Open Data Hub 1.1.0 comes with the latest release of Kubeflow, version 1.3. In this version, the team created the OpenShift distribution that includes many Kubeflow components such as Kubeflow Pipelines, KFServing, Katib, PyTorch and TensorFlow distributed training, and Jupyter notebooks. As part of the distribution, Open Data Hub also provides example KfDef resources to install these components on OpenShift using the Open Data Hub operator.
Open Data Hub dashboard
In this release we added an option to enable authentication with Red Hat OpenShift's OAuth server, giving users an option to enable secure authentication to the dashboard. To enable this feature, users will need to add the
authentication overlay as shown here:
- kustomizeConfig: overlays: - authentication repoRef: name: manifests path: odh-dashboard name: odh-dashboard
This will prompt users to enter their OpenShift username and password before they access the dashboard (see Figure 2).
Figure 2: Open Data Hub dashboard authentication.
Open Data Hub 1.1.0 comes with a new open source component called Trino. Trino is a fast distributed SQL query engine that can integrate with multiple data sources such as S3, SQL databases, and NoSQL databases.
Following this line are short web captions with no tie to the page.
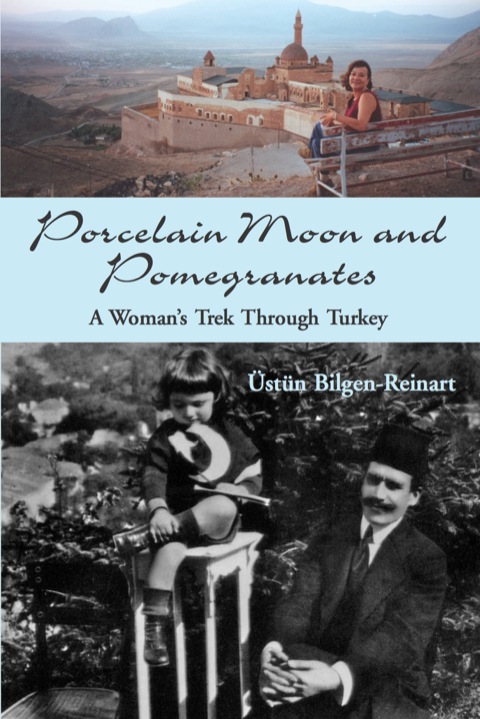 Cover image for book Porcelain Moon and Pomegranates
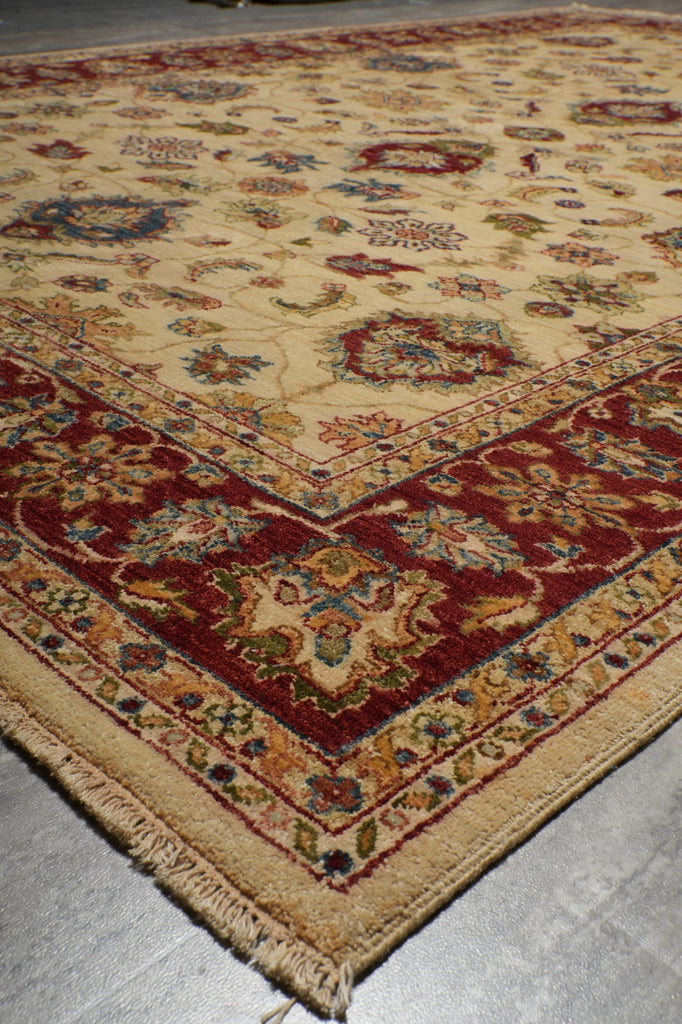 6 x 9 Beatiful Quality Hand-Knotted Chobi Agra Rug #B-74102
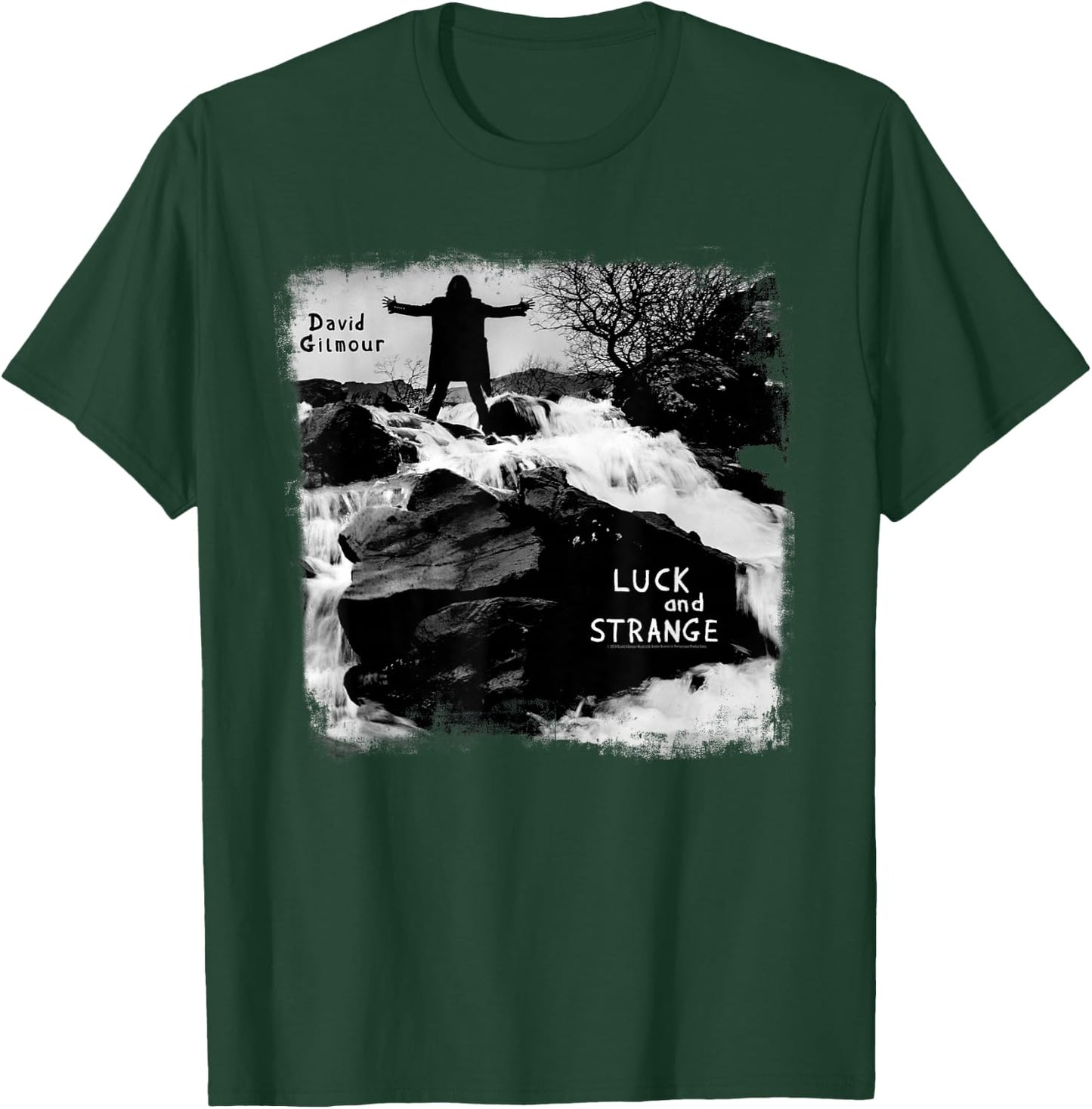 David Gilmour Luck and Strange T-Shirt - T-Shirt | Forest
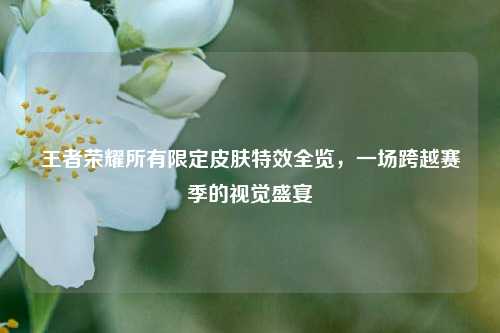 王者荣耀所有限定皮肤特效全览，一场跨越赛季的视觉盛宴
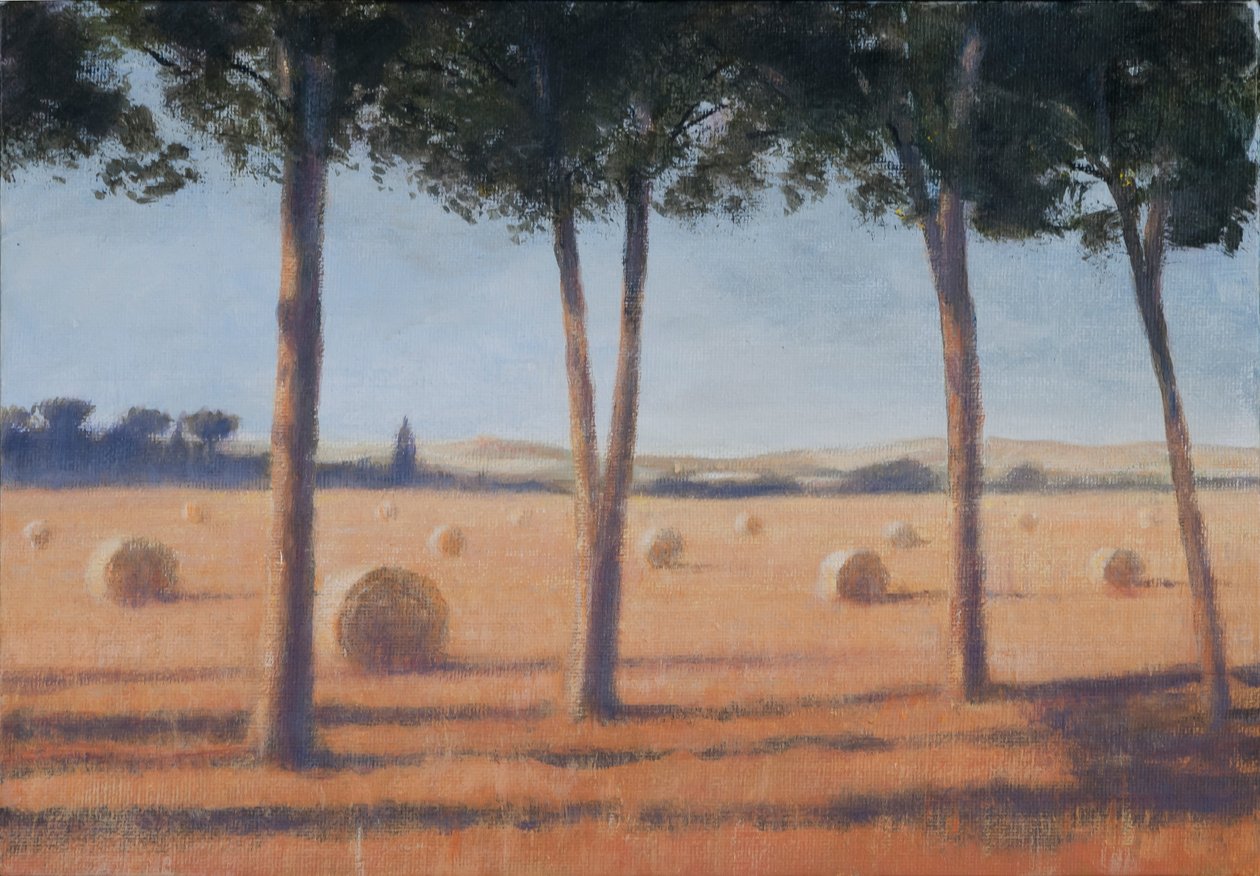 Hay Bales and Pines, Pienza, 2012 (akryl på lerret) av Lincoln Seligman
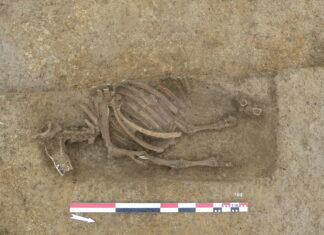 Région. À Dasle, une précieuse découverte lors d’une fouille archéologique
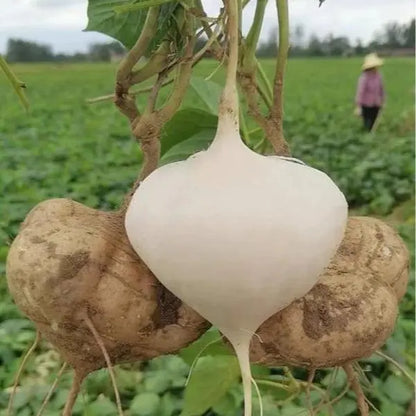 Jicama Seeds for Planting – Crunchy Sweet Root Vegetable（200 Jicama Seeds）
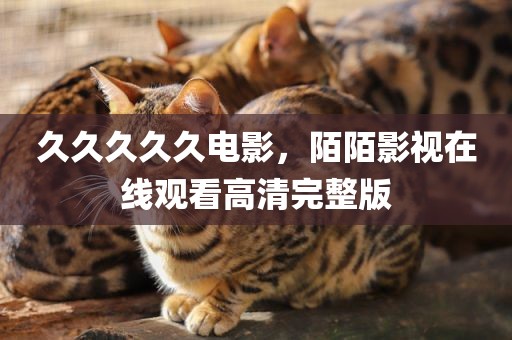 久久久久久电影，陌陌影视在线观看高清完整版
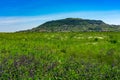 Somlo hill with traditional Hungarian homes and vineyards in the middle of a wild flower field Royalty Free Stock Photo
To enable the installation of Trino, you can add the following to your KfDef resource:
- kustomizeConfig: parameters: - name: s3_endpoint_url value: s3.odh.com - name: s3_credentials_secret value: s3-credentials repoRef: name: manifests path: trino name: trino
At the moment, the only way to interface with Trino is to use an SQL client such as DBeaver, the Trino command-line interface (CLI), or the Python Client for Trino. In future releases of Open Data Hub we plan to integrate Superset and Hue with Trino so users can use SQL queries for data exploration and visualization.
Open Data Hub now supports the installation of Red Hat OpenShift Pipelines along with all of the required custom resources to enable a workflow supported by Tekton pipelines. With OpenShift Pipelines, you can start building a complete end-to-end CI/CD pipeline that can be used to build, push, and deploy your AI/ML workload for production use.
You can enable OpenShift Pipelines as part of your Open Data Hub deployment by adding the following to your KfDef resource:
- kustomizeConfig: parameters: - name: namespace value: openshift-operators repoRef: name: manifests path: openshift-pipelines/cluster name: openshift-pipelines
To learn more about OpenShift Pipelines, review the documentation on Understanding OpenShift Pipelines.
Upcoming Open Data Hub releases
For the next Open Data Hub minor release, the community is working on many interesting and exciting new functionalities and tools. The team plans to add JupyterHub enhancements such as the ability to create and add custom notebook images. Multitenancy support for Kubeflow and integration with authentication tools are also on the roadmap, along with integrating Kubeflow with Red Hat OpenShift Service Mesh and Red Hat OpenShift Serverless. The community is also working on expanding the Open Data Hub community guidelines—for example, adding guidelines for proposing new components and features to the Open Data Hub project.